Des weiteren gibt es den Vorteil, die Gemeinschaft oder Verwandtschaft wiederzubeleben, wenn die Pilgerreise gemeinsam unternommen wird.
Es gibt den Vorteil der Vergebung der lässlichen Sünden.
Es gibt auch die Vergebung der, vorab in der Beichte bekannten Todsünden.
Manche beginnen ein neues Leben.
Schließlich gibt es noch den des Erlasses der, im Fegefeuer zu verbüßenden, Zeitstrafe. Mit anderen Worten, es gibt den Vorteil des Ablasses.

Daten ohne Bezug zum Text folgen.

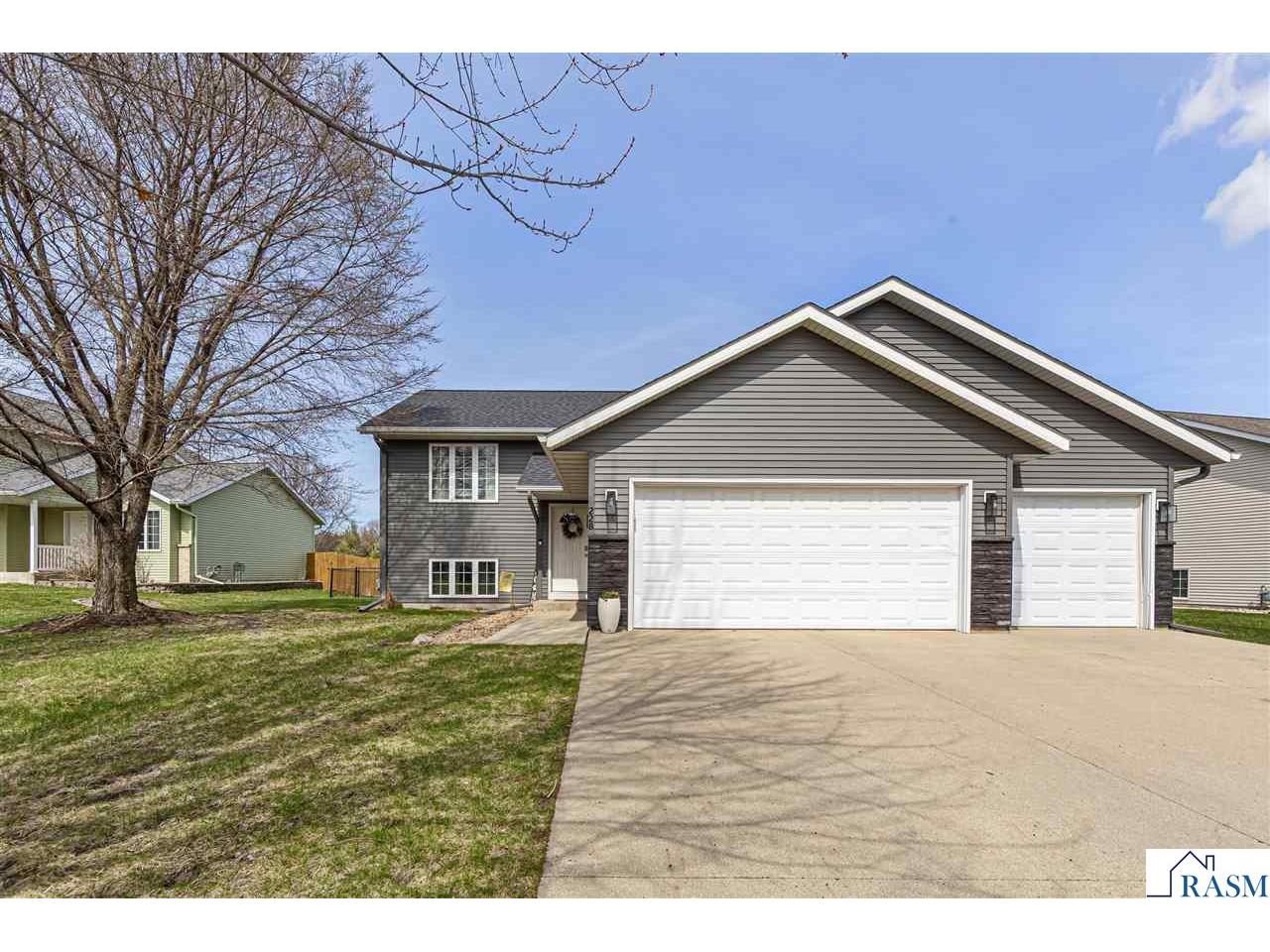228 Inverness Drive Mankato MN 56001 7039957 image1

12. Das sind die Gründe, warum in den 70er Jahren des letzten Jahrhunderts, während überall die Säkularisierung voranschritt, ein Kirchenmann sagte: heute ist alles in einer Krise, alles ist im Niedergang, außer den Wallfahrten zu den Heiligtümern.
Jeder geht dorthin, Heilige und Sünder, Gläubige und Nichtgläubige.
Manchmal erwecken Heiligtümer den Eindruck einer Oase in der Wüste.
Sie sind eine wahrhaftige Gnade Gottes.
Ich danke dir für die Frage, schließe dich in mein Gebet ein und segne dich.